At a time when agencies are under attack for “use it or lose it” spending at the end of the fiscal year, the Government Accountability Office reported that the number of accounts with carryover balances rose from fiscal 2007 to fiscal 2012, and that efforts to maximize efficiency in use of the funds must be tailored to individual programs.
In reviewing eight accounts from 2007 through 2012 in the Defense, Health and Human Services, Housing and Urban Development, and Treasury departments, auditors estimated total carry over balances for fiscal 2012 of $2.2 trillion, of which about $800 billion had not yet been obligated.
GAO noted that a single account may support multiple programs and said “a case-by-case analysis is needed to understand how best to achieve… financial benefits.” Each account or program with unexpended funds, it said, should be examined by asking questions about its mission and goals, the sources and fiscal characteristics of the funding, the factors that affect the size or composition of carryover balances, and how the agency measures the balances.
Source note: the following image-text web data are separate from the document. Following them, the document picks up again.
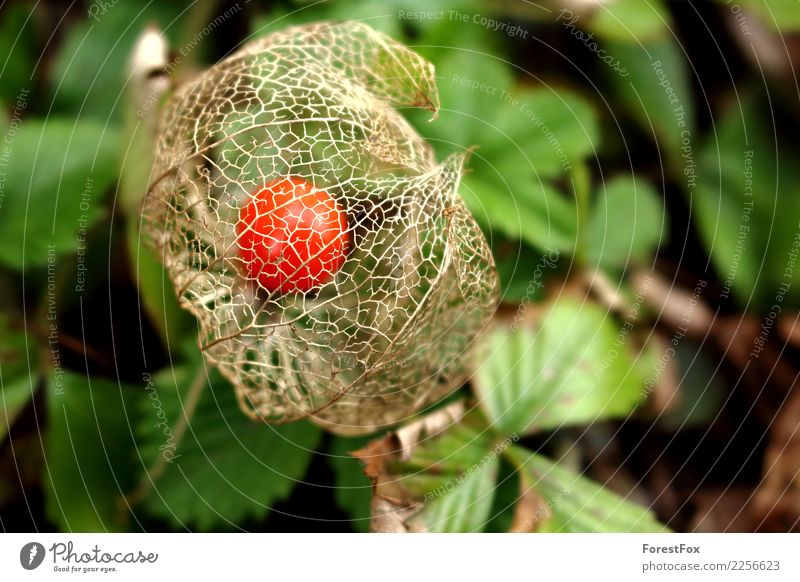 The lantern flower Environment Nature Plant Autumn Beautiful weather Leaf Foliage plant Garden Round Green Orange Red Physalis Chinese lantern flower Reticular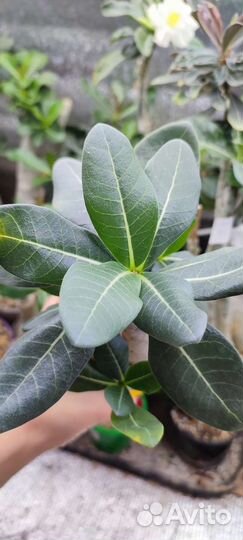 Адениум арабикум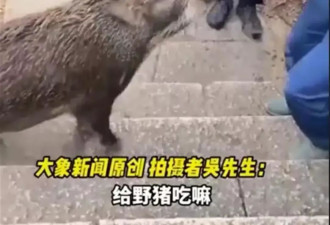 数十头野猪拖家带口乞讨为生！慈眉善目 网友惊呆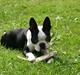 Boston terrier Wilma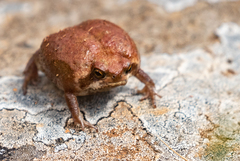 Breviceps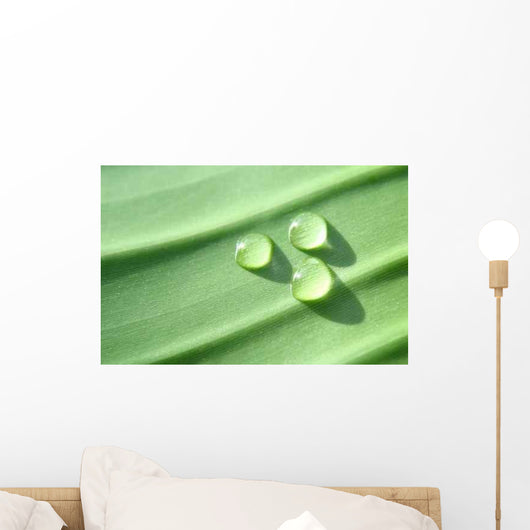 Drops Wall Decal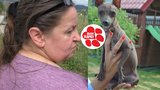 Problémová chovatelka měla ubrat psy, místo toho přibyl další! Porušila i zákon proti týrání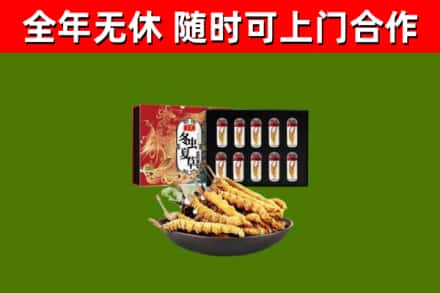 延安回收冬虫夏草价格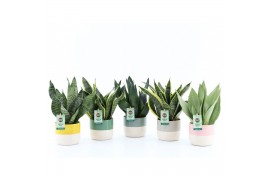 Sansevieria Sansevieria Mix in Two Tone keramiek 3 pp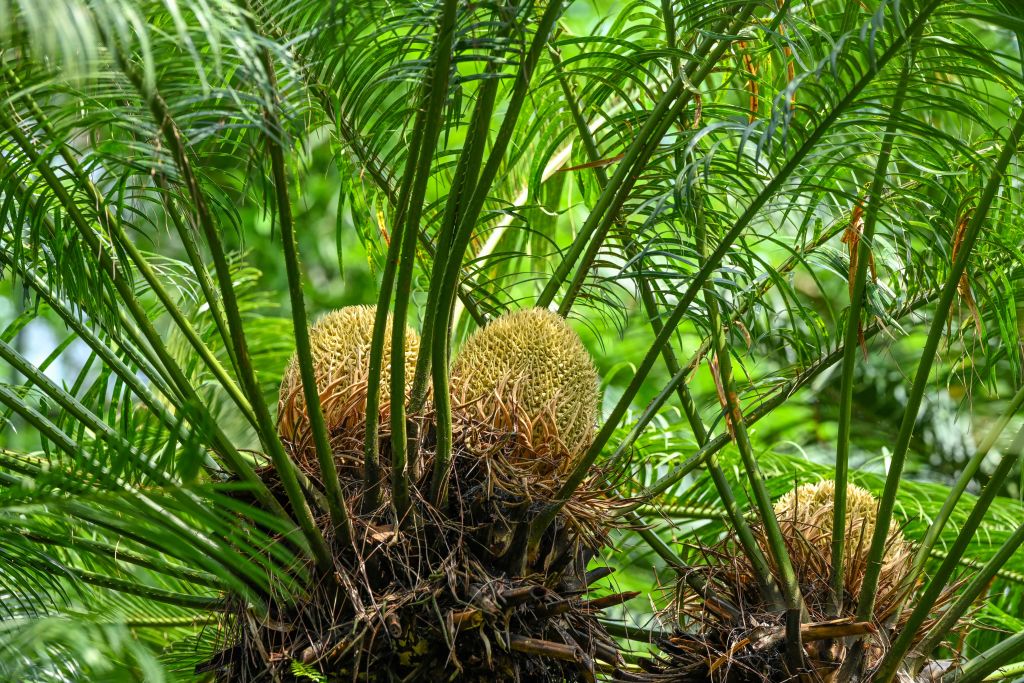 Cycad plants
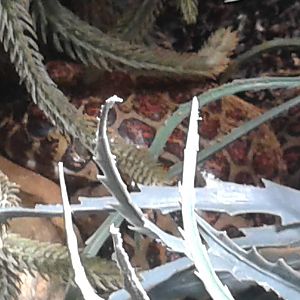 Red-punckted burrowing frog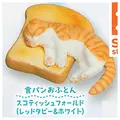 Bread Scottish Fold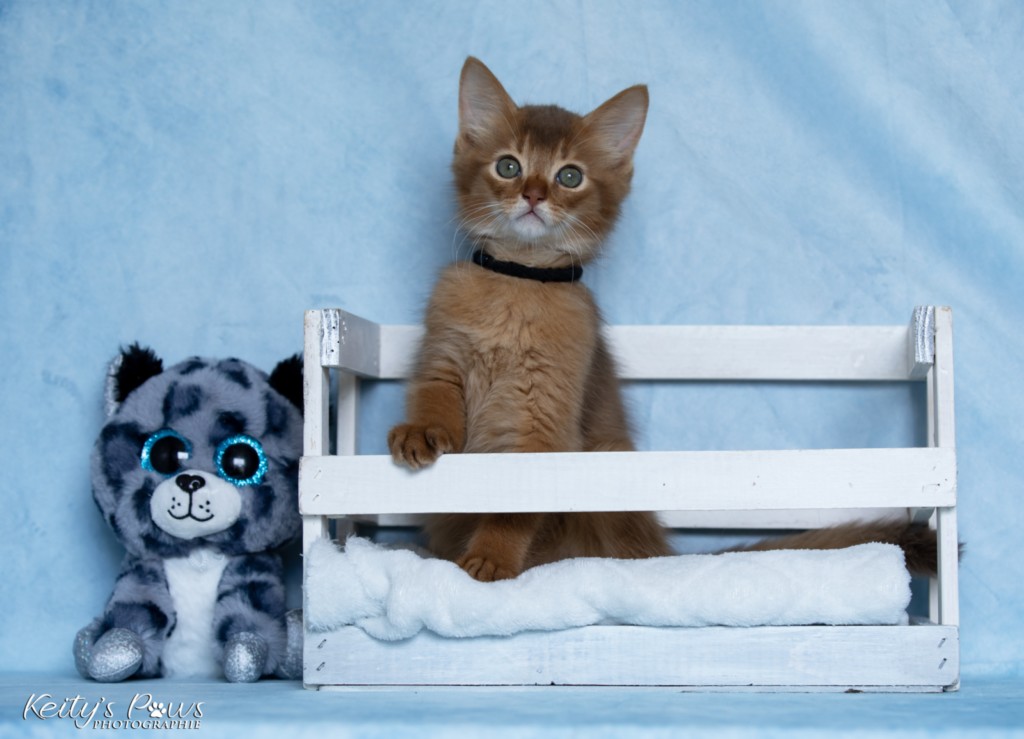  Asthur-Achille 2 Mois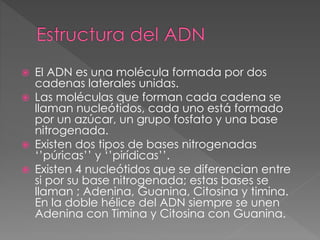  El ADN es una molécula formada por dos
cadenas laterales unidas.
 Las moléculas que forman cada cadena se
llaman nucleótidos, cada uno está formado
por un azúcar, un grupo fosfato y una base
nitrogenada.
 Existen dos tipos de bases nitrogenadas
‘’púricas’’ y ‘’pirídicas’’.
 Existen 4 nucleótidos que se diferencian entre
si por su base nitrogenada; estas bases se
llaman ; Adenina, Guanina, Citosina y timina.
En la doble hélice del ADN siempre se unen
Adenina con Timina y Citosina con Guanina.
 
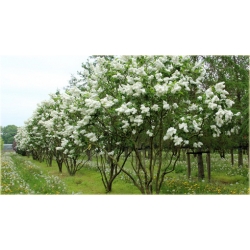 krzewy Bez Lilak Mme Lemoine K193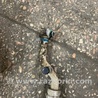 ФОТО Шланг кондиционера для KIA Sorento Киев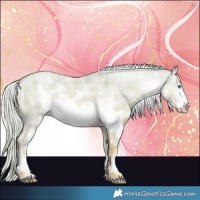 Horse Color:Plaid White Spotted Cremello Dun Sabino Rabicano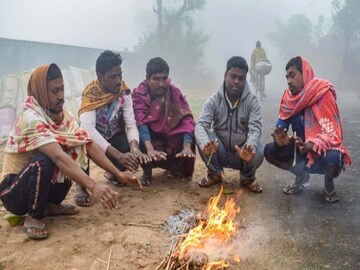 পরপর দু’দিন শীতের দাপট, ১.৭ ডিগ্রি নামল পারদ! জানুয়ারির শেষে কি আরও ঠান্ডা? দেখুন আপডেট
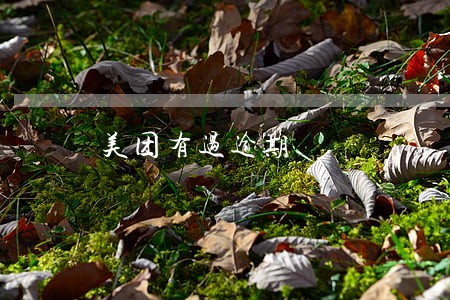 美团有过逾期 美团有过逾期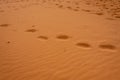 Footsteps on the hot sand of the Sahara Desert in Africa
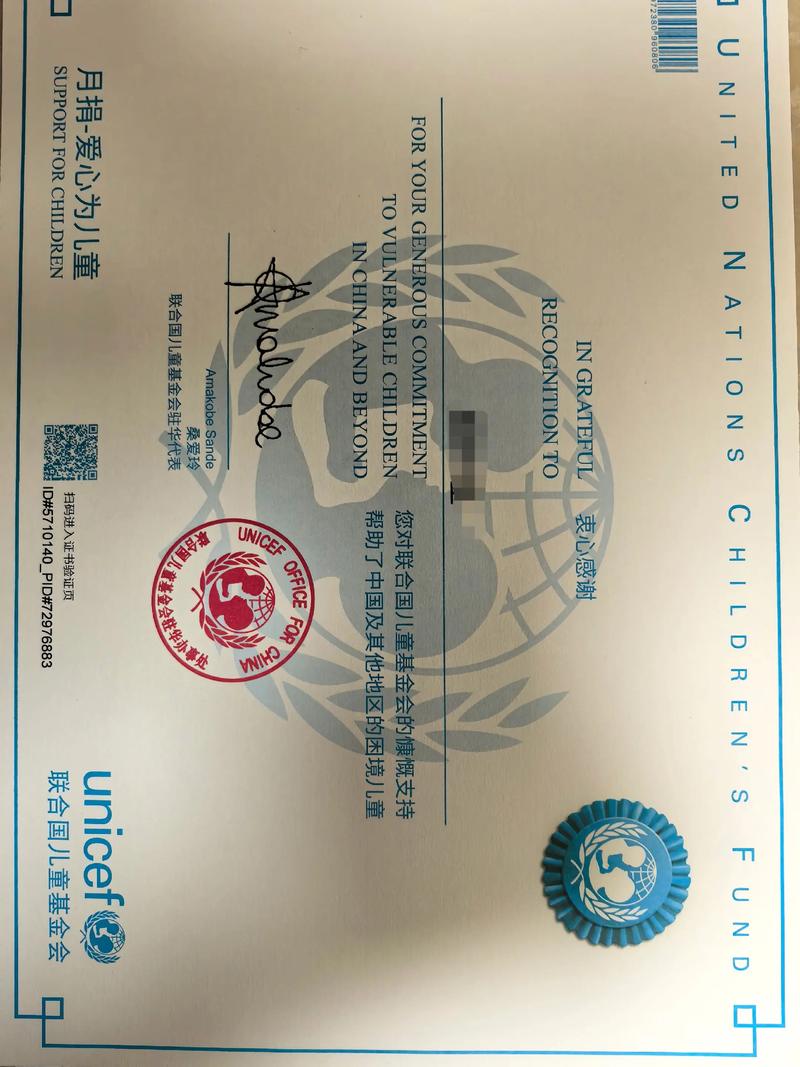 联合国儿童基金会发票是什么用途?-第2张图片-华宇铭诚 联合国儿童基金会发票是什么用途?-第2张图片-华宇铭诚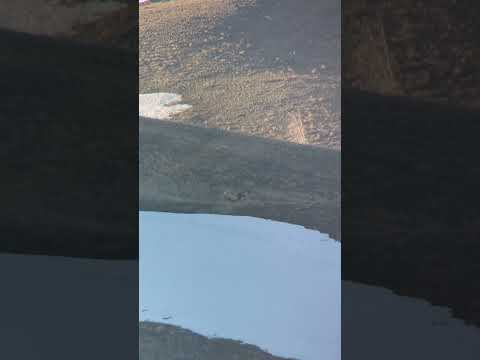 COMPLETE REVIEW of the Magview S1 Spotting Scope Adapter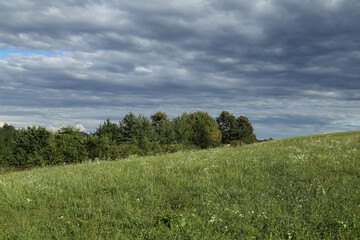 Summer landscape with green meadow and cloudy sky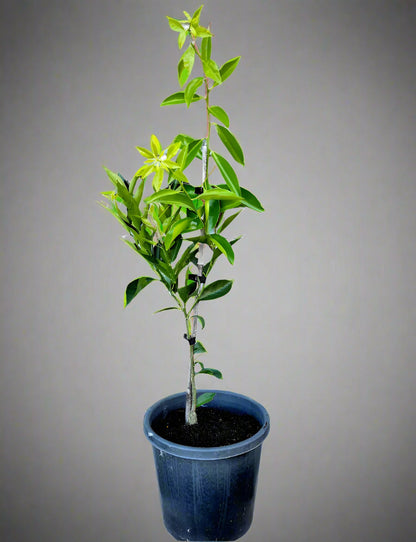 Thorny Mandarin Tree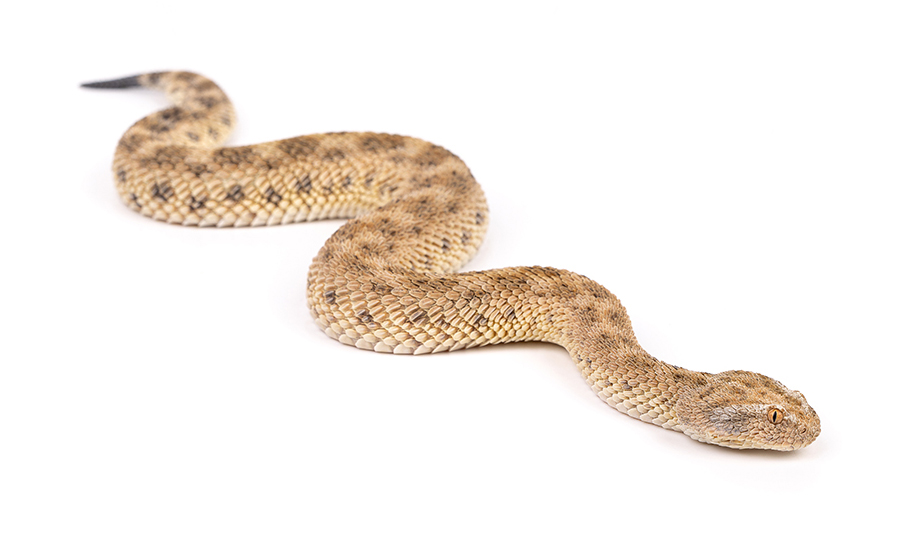 Vipers - Viperidae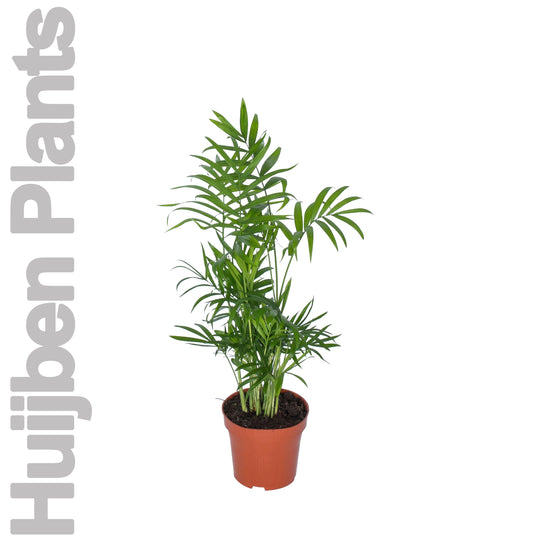 Planta naturala Chamaedorea elegans H30 cm PS12 cm in pamant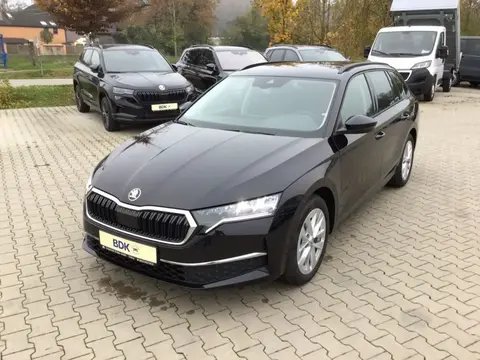 Annonce SKODA OCTAVIA Essence 2024 d'occasion 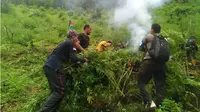 Aparat gabungan mengamankan 2.000 batang tanaman ganja di Mandailing Natal. (Liputan6.com/Reza Efendi)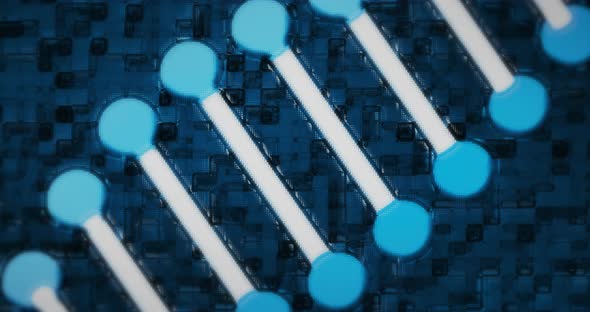 Human Biology DNA Skull Brain animation 4k alt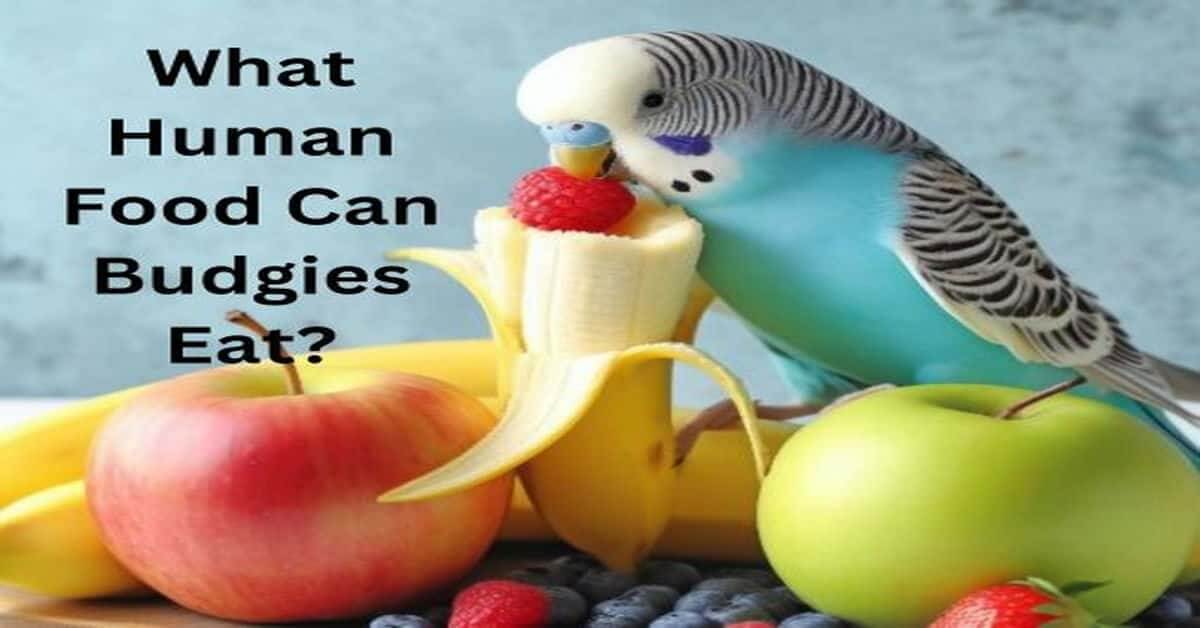 What Human Food Can Budgies Eat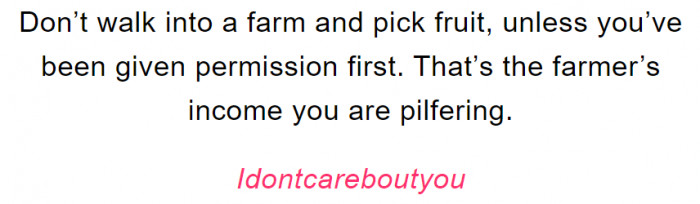 12. Don't make the mistake of picking fruits from anyone's farm unless given permission.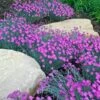 'Firewitch' Dianthus 1 'Firewitch' Dianthus -Garden Plants Store dianthus firewitch cheddar pinks 2 sw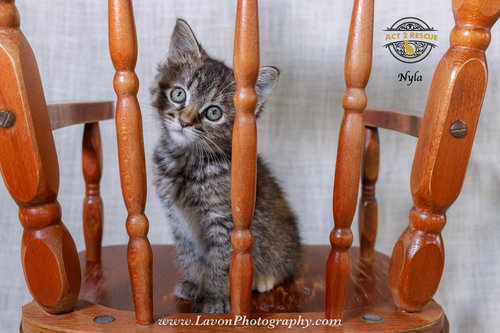 Nyla photo 4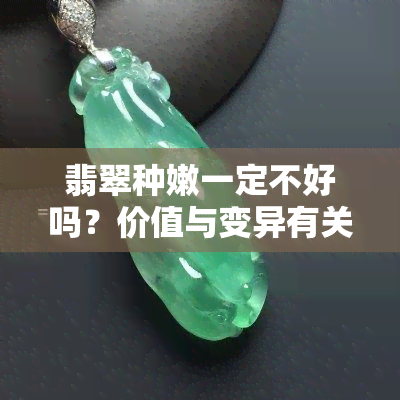 翡翠种嫩一定不好吗？价值与变异有关吗？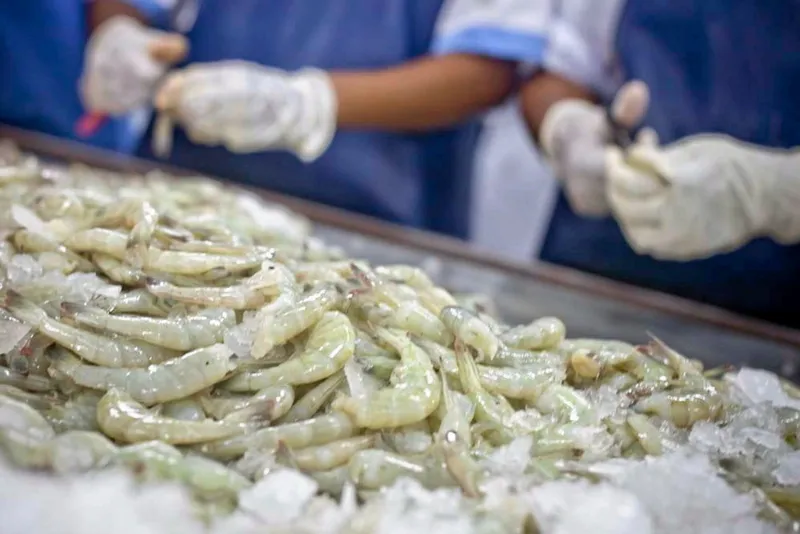 Indian Startup Develops Novel Shrimp Feed to Combat Costly Diseases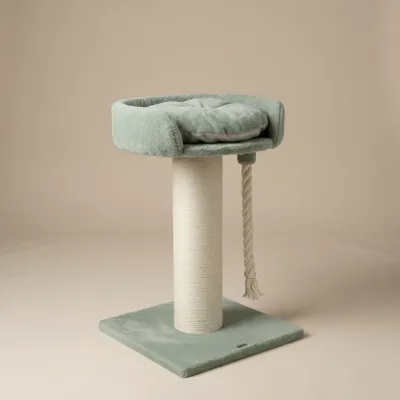 Cat Tree Chartreux – RHR Quality Pistachio Teddy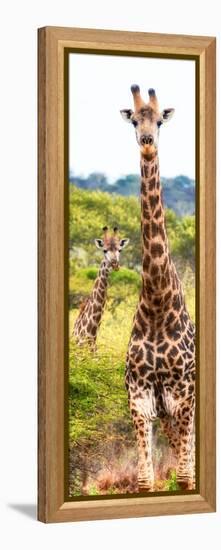 Awesome South Africa Collection Panoramic - Two Giraffes Portrait II-Philippe Hugonnard-Framed Premier Image Canvas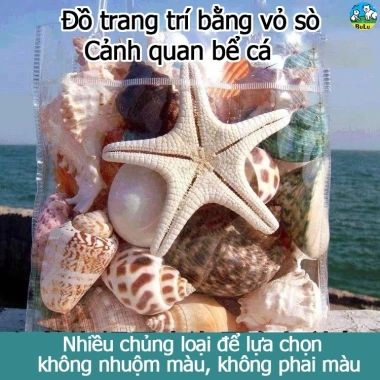 Bể Cá Trang Trí Vỏ Sao Biển Conch Đại Dương - Bộ Cảnh Quan Đồ Trang Trí Quà Tặng 251.940 VND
“If an agency does not have a robust strategy in place to manage carryover balances, or is unable to adequately explain or support the reported carryover balance, then a more in-depth review is warranted,” GAO wrote. “In those cases, balances may either fall too low to efficiently manage operations or raise to unnecessarily high levels, producing potential opportunities for those funds to be used more efficiently elsewhere.”
The report, released on the last day of the fiscal year, was requested by House Budget Committee Chairman Paul Ryan, R-Wis.
GAO made no recommendations, and the four departments generally agreed with the observations, with HHS cautioning that “conclusions drawn from the report may not apply across the board to all accounts.”